Operation Vulindlela hopes to see SA private sector add four gigawatts to grid by end 2024

South Africa is poised to alleviate its electricity crisis and address deteriorating infrastructure by welcoming private companies into its power, rail, and water sectors. Operation Vulindlela, a government unit dedicated to removing investment barriers, released presentations outlining measures aimed at compensating for the faltering performance of state-run enterprises. With power cuts exceeding 10 hours daily due to Eskom’s inability to meet demand, and rail and water infrastructure facing critical challenges, the government is pushing for increased private sector involvement. These efforts include allowing private operators to use state freight rail tracks, seeking partnerships for container ports, and establishing units to facilitate private sector investment in water projects.


South Africa Says Private Companies to Add Four Gigawatt to Grid by End 2024

By Antony Sguazzin and Rene Vollgraaff

South Africa expects private companies to add more than 4 gigawatts of electricity generation capacity to the grid by the end of 2024, as the government accelerates efforts to increase private sector participation in its power, rail and water industries.

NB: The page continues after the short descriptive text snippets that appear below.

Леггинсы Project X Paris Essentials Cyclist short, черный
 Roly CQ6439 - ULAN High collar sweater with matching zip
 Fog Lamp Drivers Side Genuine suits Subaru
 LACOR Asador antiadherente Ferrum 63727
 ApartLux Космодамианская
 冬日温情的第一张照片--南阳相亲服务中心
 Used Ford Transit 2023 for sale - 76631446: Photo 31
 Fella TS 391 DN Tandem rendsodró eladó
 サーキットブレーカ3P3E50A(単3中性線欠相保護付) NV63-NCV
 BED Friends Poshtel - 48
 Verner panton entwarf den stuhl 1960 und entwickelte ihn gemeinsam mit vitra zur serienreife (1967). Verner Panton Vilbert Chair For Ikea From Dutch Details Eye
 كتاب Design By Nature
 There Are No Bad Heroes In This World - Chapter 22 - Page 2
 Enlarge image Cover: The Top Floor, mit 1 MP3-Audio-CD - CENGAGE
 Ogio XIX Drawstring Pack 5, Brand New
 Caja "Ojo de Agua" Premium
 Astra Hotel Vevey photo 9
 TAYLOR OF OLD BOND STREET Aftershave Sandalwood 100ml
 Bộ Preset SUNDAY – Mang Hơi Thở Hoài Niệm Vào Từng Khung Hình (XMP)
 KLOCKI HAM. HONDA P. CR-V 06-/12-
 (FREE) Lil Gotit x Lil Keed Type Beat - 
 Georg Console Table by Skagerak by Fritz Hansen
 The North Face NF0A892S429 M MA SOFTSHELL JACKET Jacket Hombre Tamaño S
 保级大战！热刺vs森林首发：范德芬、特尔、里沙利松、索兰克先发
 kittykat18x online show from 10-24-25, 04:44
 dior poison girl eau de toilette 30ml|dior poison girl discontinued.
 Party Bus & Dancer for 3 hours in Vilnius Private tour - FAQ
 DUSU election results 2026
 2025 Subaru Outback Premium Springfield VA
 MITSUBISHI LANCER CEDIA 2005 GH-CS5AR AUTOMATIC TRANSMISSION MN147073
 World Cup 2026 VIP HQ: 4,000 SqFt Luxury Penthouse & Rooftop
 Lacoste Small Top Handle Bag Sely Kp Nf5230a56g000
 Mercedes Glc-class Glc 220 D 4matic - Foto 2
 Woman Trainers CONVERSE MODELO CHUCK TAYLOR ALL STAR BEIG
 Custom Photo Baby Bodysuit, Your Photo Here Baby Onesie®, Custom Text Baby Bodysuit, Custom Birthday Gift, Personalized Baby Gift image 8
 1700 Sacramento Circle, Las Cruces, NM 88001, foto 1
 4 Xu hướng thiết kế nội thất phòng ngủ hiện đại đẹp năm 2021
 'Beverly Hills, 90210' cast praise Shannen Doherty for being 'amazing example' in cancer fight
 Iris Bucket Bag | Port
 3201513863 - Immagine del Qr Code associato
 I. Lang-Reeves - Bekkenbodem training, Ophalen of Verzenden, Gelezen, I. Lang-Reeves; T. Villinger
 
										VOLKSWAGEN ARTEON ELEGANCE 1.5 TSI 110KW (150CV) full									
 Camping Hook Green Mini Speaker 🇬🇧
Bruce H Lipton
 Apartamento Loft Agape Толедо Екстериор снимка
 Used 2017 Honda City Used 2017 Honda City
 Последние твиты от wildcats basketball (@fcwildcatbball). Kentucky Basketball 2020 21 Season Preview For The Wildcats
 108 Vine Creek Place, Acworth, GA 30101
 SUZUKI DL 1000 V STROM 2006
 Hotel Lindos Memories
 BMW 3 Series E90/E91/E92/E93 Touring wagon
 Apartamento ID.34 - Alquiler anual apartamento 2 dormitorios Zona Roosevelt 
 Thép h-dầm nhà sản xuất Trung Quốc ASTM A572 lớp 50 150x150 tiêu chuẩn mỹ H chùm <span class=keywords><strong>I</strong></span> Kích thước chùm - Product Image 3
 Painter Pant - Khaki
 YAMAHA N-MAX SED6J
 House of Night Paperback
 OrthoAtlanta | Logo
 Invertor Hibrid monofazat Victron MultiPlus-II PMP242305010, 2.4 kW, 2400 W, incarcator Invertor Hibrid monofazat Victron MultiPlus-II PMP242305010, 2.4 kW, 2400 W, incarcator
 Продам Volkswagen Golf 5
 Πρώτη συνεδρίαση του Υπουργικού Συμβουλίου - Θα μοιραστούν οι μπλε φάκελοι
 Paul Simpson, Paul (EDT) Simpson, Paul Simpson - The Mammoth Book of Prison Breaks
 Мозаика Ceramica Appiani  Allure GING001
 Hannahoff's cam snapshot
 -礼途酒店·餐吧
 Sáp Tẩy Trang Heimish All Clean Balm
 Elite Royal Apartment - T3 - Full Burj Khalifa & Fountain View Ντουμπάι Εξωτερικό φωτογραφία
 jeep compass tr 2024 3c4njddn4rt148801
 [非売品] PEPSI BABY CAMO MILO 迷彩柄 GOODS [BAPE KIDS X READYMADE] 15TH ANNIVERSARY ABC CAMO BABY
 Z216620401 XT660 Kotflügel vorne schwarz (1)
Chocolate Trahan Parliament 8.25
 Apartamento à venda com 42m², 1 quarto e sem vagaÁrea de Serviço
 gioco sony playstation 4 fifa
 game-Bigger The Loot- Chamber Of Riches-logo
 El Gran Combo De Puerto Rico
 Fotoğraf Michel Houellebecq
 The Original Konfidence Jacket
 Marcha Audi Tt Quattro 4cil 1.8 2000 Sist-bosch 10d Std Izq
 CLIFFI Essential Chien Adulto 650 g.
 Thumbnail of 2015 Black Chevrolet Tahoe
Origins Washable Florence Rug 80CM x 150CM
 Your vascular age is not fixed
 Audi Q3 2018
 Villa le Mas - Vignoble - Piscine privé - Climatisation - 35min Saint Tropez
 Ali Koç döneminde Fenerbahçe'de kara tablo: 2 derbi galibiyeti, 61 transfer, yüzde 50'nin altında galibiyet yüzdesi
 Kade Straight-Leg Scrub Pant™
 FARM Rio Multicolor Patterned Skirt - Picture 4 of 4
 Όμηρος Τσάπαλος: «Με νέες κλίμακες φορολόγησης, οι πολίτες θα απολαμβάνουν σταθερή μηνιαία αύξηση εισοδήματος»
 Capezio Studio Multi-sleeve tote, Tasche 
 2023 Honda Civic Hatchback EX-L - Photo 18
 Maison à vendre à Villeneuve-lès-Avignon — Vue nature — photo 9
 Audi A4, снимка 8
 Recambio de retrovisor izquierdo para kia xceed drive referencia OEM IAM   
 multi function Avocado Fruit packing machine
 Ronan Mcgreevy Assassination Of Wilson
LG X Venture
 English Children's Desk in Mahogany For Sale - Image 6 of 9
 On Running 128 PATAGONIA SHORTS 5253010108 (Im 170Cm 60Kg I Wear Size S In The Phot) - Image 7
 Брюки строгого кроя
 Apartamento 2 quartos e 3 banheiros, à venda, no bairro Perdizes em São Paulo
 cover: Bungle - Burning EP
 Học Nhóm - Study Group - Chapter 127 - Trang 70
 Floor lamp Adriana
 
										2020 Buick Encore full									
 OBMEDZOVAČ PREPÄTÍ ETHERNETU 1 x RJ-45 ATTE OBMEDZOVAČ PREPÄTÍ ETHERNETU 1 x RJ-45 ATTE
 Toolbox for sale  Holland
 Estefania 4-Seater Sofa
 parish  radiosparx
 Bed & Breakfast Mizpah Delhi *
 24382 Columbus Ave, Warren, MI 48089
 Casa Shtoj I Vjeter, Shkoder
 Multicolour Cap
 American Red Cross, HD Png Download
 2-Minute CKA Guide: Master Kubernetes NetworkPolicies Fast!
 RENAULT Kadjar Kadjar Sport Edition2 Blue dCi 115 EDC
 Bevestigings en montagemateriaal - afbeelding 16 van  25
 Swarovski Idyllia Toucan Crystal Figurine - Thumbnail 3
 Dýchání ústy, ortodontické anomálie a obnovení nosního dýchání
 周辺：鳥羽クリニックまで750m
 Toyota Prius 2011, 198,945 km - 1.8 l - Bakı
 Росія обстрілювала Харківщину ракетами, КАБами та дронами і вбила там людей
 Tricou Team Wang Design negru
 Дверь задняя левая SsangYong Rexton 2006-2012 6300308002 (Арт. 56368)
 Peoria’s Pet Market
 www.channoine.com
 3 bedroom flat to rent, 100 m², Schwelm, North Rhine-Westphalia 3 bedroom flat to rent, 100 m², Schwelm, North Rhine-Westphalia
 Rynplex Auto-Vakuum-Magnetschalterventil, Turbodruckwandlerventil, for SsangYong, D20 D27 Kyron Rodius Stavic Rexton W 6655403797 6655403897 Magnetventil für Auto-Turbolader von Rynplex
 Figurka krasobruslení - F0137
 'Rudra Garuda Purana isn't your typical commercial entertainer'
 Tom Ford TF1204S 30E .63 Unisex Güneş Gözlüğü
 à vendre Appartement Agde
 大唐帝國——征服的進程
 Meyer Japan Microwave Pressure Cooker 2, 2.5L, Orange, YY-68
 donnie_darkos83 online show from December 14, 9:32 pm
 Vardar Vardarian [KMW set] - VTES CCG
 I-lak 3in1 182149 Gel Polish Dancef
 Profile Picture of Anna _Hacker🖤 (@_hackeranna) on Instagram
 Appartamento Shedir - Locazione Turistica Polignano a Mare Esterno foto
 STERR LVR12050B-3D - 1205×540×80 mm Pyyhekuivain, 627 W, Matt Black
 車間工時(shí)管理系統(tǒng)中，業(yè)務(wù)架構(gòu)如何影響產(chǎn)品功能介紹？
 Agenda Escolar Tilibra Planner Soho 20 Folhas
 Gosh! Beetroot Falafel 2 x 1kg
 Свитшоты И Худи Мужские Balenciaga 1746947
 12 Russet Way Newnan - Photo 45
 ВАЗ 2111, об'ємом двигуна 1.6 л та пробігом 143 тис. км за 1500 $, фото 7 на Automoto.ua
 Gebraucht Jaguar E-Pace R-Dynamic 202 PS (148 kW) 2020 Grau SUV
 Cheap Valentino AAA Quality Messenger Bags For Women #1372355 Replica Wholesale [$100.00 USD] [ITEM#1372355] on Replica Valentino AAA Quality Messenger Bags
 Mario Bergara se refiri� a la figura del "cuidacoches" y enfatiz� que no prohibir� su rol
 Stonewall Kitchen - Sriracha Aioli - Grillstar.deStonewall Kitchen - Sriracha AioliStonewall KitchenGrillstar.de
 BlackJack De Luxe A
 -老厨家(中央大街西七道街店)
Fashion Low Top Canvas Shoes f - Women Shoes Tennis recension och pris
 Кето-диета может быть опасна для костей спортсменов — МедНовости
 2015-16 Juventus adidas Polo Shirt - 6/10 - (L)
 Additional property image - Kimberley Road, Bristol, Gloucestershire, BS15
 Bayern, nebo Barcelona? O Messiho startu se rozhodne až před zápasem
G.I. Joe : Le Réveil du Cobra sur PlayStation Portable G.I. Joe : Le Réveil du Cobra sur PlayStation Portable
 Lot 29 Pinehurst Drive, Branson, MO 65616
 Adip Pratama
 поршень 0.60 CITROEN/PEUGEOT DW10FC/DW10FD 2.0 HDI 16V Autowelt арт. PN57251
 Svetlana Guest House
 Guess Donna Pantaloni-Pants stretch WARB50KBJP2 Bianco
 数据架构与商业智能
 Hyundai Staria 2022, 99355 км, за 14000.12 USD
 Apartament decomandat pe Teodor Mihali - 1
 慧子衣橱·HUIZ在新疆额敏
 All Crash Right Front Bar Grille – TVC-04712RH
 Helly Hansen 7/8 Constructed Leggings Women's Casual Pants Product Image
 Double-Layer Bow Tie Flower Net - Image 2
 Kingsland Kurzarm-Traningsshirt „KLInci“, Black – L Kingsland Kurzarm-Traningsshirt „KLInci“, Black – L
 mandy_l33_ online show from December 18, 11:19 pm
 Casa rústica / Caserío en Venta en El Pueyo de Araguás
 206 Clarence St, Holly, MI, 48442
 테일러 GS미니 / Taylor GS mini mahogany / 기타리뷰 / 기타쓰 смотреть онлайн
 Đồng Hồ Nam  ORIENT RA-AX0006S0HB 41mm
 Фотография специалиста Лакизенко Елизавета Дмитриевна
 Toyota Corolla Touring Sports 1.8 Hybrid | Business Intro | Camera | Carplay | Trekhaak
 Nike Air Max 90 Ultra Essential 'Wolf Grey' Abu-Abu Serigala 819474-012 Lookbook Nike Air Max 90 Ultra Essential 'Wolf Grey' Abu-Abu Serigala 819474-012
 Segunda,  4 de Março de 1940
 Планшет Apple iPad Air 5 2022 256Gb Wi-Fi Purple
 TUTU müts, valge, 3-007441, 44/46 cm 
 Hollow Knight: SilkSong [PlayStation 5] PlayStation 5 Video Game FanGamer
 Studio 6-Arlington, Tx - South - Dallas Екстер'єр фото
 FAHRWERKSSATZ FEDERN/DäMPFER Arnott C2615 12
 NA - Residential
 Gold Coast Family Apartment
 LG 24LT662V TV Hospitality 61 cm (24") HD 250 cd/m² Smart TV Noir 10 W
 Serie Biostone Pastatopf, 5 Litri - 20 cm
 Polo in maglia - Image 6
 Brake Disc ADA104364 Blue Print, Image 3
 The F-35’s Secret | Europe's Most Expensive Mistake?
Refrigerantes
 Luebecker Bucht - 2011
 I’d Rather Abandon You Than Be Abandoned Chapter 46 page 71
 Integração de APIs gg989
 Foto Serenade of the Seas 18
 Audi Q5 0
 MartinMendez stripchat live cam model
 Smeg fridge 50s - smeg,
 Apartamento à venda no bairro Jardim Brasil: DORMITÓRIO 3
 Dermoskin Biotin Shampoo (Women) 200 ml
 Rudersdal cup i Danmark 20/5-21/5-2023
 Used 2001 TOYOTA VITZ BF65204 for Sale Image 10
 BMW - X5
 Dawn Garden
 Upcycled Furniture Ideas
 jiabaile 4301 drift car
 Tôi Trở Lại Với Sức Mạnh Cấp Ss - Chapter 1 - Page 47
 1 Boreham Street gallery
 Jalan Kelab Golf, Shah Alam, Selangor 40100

Presentations released on Tuesday by Operation Vulindlela, a unit run by the presidency and the National Treasury that aims to remove blockages to investment, showed the measures the state is taking in a bid to compensate for the deterioriating performances of state-run companies.

Private operators will be allowed to use state freight rail tracks, partners will be found for container ports and a unit has been established to encourage private sector investment in water projects.

South Africa’s state companies are in a dire state. The country is suffering power cuts of more than 10 hours a day because Eskom Holdings SOC Ltd. can’t meet demand. Coal railings to an export port were at a 30-year low last year and a key track from the main port is operating at 25% of capacity because of rampant cable theft. Cholera is spreading in the capital, Pretoria, where a key waste-water treatment plant has been neglected.

“The primary focus is on addressing the electricity crisis and improving the efficiency of freight rail, both of which are weighing heavily on economic growth,” Khumbudzo Ntshavheni, South Africa’s minister in the presidency, said in a statement. 

Decrees in 2021 and last year that removed caps on the size of power plants that companies can build for their own use has resulted in 108 projects with a combined capacity of more than 10 gigawatts being registered for construction, Operation Vulindlela said. Of those, more than 1 gigawatt will come on line this year and more than 3 gigawatts in 2024.

The presentations didn’t address a chronic shortage of transmission capacity that has hindered attempts to boost the amount of available electricity, with a government tender for projects flopping in December. 

In the next quarter, an Electricity Regulation Amendment Bill will be introduced to parliament to establish a competitive electricity market. A board will be appointed for the National Transmission Co., a planned unit of Eskom, that will oversee the national grid.

The government unit said that Transnet SOC Ltd., the state ports and freight rail company, will by the end of October create an infrastructure manager to allow private companies to run trains on key freight tracks. Those rail lines move cars, metals and coal to ports and import fuel and automotive parts.

Read also: Reserve Bank preparing financial contingency plan in case of total power grid collapse

Forfeited Earnings

The country forfeited 150 billion rand ($7.6 billion) in exports last year because of the poor state of its rail infrastructure, the Minerals Council South Africa, which represents most mining companies in the country, said in its annual report. The lobby group, based its estimate on the design capacity of rail lines to ports compared with annual shipments.

Last year, its members shipped 51 billion rand less of commodities than they were contracted to, compared with a loss of 35 billion rand in 2021.

Transnet also expects to form partnerships with private operators at the Durban Pier 2 Container Terminal, part of Africa’s biggest container port, and at the Ngqura Container Terminal in the coming months.

The government is also helping Transnet to seek additional locomotives and is pushing law-enforcement agencies to reduce cable theft that’s idling sections of the Container Corridor, which carries goods to and from the port at Durban and the industrial hub of Gauteng. 

A Water Partnerships Office has been established in the state-owned Development Bank of Southern Africa to boost private participation in water re-use, wastewater treatment, desalination and sanitation projects, the unit said. 

A bill will be submitted to parliament in the third quarter regarding the creation of a National Water Infrastructure Agency, a state company that will be responsible for the planning, finance and development of water infrastructure, it said.

“These reforms are necessary both to address the immediate challenges that we face, and to drive a fundamental transformation of our economy in the months and years to come,” the minister said.